Ora Salvini parla al telefonino. Era Di Maio? «No, non ci siamo sentiti». Ma poi si sentiranno. Non litigheranno («non lo facciamo mai») ma stavolta il trauma è forte e bisognerà vedere in che modo Di Maio potrà evitare di andare in procura a denunciare chissà chi. Salvini vuole andare dritto su tutto, dal decreto fiscale alla legge sulla legittima difesa che ai 5Stelle non piace, e insiste: «Invece di dare spettacolo, dobbiamo risolvere, è già lo stiamo facendo, i problemi dei cittadini». E Conte? «Bisogna aiutarlo, non creargli altri problemi. Questa storia delle manine e delle manone è assurda. Non ci sono regie occulte, invasioni degli alieni o scie chimiche! Io cerco di vedere la realtà e non faccio trabocchetti, non faccio sgambetti, non credo ai fumetti. E se c'è chi crede alle teorie del complotto, io non sono mai stato tra questi». Cioè i 5Stelle. Non è un tipo che s'arrabbia Salvini, e sembra tranquillissimo come al solito in mezzo alla gente e al profumo di una nuova vittoria elettorale in Trentino e Alto Adige. Però ieri mattina, con qualche interlocutore, si sarebbe sfogato così a proposito di M5S: «Sono ridicoli. Non sanno neanche che cosa leggono e che cosa firmano».

«Noi - incalza ora Salvini - abbiamo sempre sinceramente appoggiato le proposte di M5S. Ci atteniamo al Contratto di governo sempre e comunque. Quello è la vera garanzia per tutti, ma va rispettato da tutti». In ogni caso, tra domani e dopodomani, i due dioscuri dovrebbero vedersi, e trovare una via d'uscita condivisa. Perché né Di Maio né Salvini hanno interesse in questo momento a fare saltare il banco.
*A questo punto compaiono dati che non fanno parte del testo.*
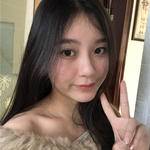 敏敏玻尿酸豐面頰術后138天 圖1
Luigi per ovvi motivi di crisi di consenso, almeno secondo i sondaggi, e Matteo perché ha bisogno di (relativa) tranquillità per giocarsi bene i 190 giorni che mancano da qui alle elezioni europee di maggio. Intanto, Salvini non ci sta ad essere considerato il leader di un partito di «manipolatori», non vuole toccare il decreto fiscale e non vuole minimamente la crisi di governo. Sul punto numero due, di questi tre, si troverà probabilmente un qualche rattoppo. Ma anche questa, come la verifica, è parola da vecchia politica.